Mais les esprits majeurs étaient intelligents et rusés, et sans aucun scrupule. Ils faisaient régner leur loi sur le monde depuis des milliers d’année, et Ries craignait un coup en traître, qui ferait pencher la balance du côté des Gobs et de la fin de la civilisation. De toute façon, ils ne pouvaient que rentrer au plus vite prévenir l’empereur, et espérer que celui-ci, mis au courant de la vraie nature de ses ennemis, pourrait réagir de manière efficace. Le jeune mage rageait de ne pouvoir faire plus, mais était douloureusement conscient de ses limites.
Layne interrompit le cours de ses pensées, tirant le lapin du feu. - A table, fit-elle d’un ton enjoué, et ils furent bientôt tous en train de rogner sans honte les os du délicieux animal.

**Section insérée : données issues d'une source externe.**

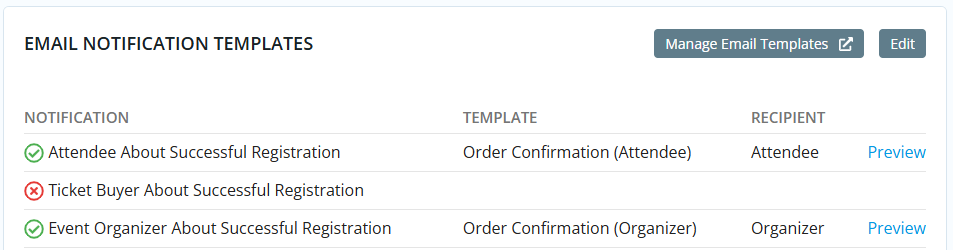 You may view which templates are used for each notification type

Une fois leur repas fini, il demanda à la jeune femme de l’aide pour monter les sentinelles magiques qu’il avait imaginé au cours de la journée. Ils se mirent au travail avec concentration, et Layne et Lilian ne purent s’empêcher de rire quand le jeune mage leur fit une démonstration. Les guetteurs magiques poussaient le bien connu rugissement de Maître Bert dès qu’un être pensant s’approchait de leurs champs d’action, assurant aux voyageurs un sommeil tranquille. Ries espérait que ce n’était qu’un réflexe paranoïaque, et que les esprits majeurs avaient bien autre chose à faire que de leur donner la course. Car sinon, ce ne serait pas quelques amusements magiques qui allaient les arrêter.
Le lendemain, ils pénétrèrent dans la vallée Noble, et dans ses champs abandonnés depuis des lustres. Ils parvinrent en vue du village où ils avaient passé quelques nuits, et Ries tint à s’y arrêter, dans l’espoir que l’oracle serait encore là. Ses amis ne firent pas de commentaires, se souvenant des commentaires de Farj. Mais quand ils arrivèrent devant le village, les portes de bois étaient fermées, et pas un habitant ne vint leur ouvrir, malgré leurs cris.
Le jeune mage murmura une influence, et les portes s’entrebâillèrent suffisamment pour qu’ils puissent passer. Le village était désert, même si du linge séchait devant certaines maisons. Ils se regardèrent, désabusés, et Ries secoua la tête.
- Partons d’ici, fit-il d’une voix sombre. Il n’y a rien ici pour nous. Ils laissèrent donc le village mourant, et se dirigèrent d’un trot résolu vers les pentes à l’Est de la vallée. Le vent caressa la joue du jeune humain, et Ries eut un murmure imperceptible.
- Adieu, Maman. Passe le bonjour à Papa.
Ils atteignirent bientôt le fait de la crête, et se retournèrent une dernière fois vers la magnifique illusion qui protégeait son peuple. Jalaad la resplendissante étincelait de tous ses murs, et le mage blanc soupira avant de lancer son cheval vers l’Est.
- A partir de maintenant, je suis un pur Cytadin, fit-il d’une voix forte. Allons sauver ma patrie, au lieu de contempler les cendres d’une ancienne gloire.
Lilian et Layne le suivirent, un pauvre sourire aux lèvres. Ils savaient que Ries avait perdu bien des rêves ces derniers jours, et que cette bravade cachait une grande peine. Ils en étaient tristes pour leur ami, mais celui-ci avait raison. Il était temps de rentrer chez eux.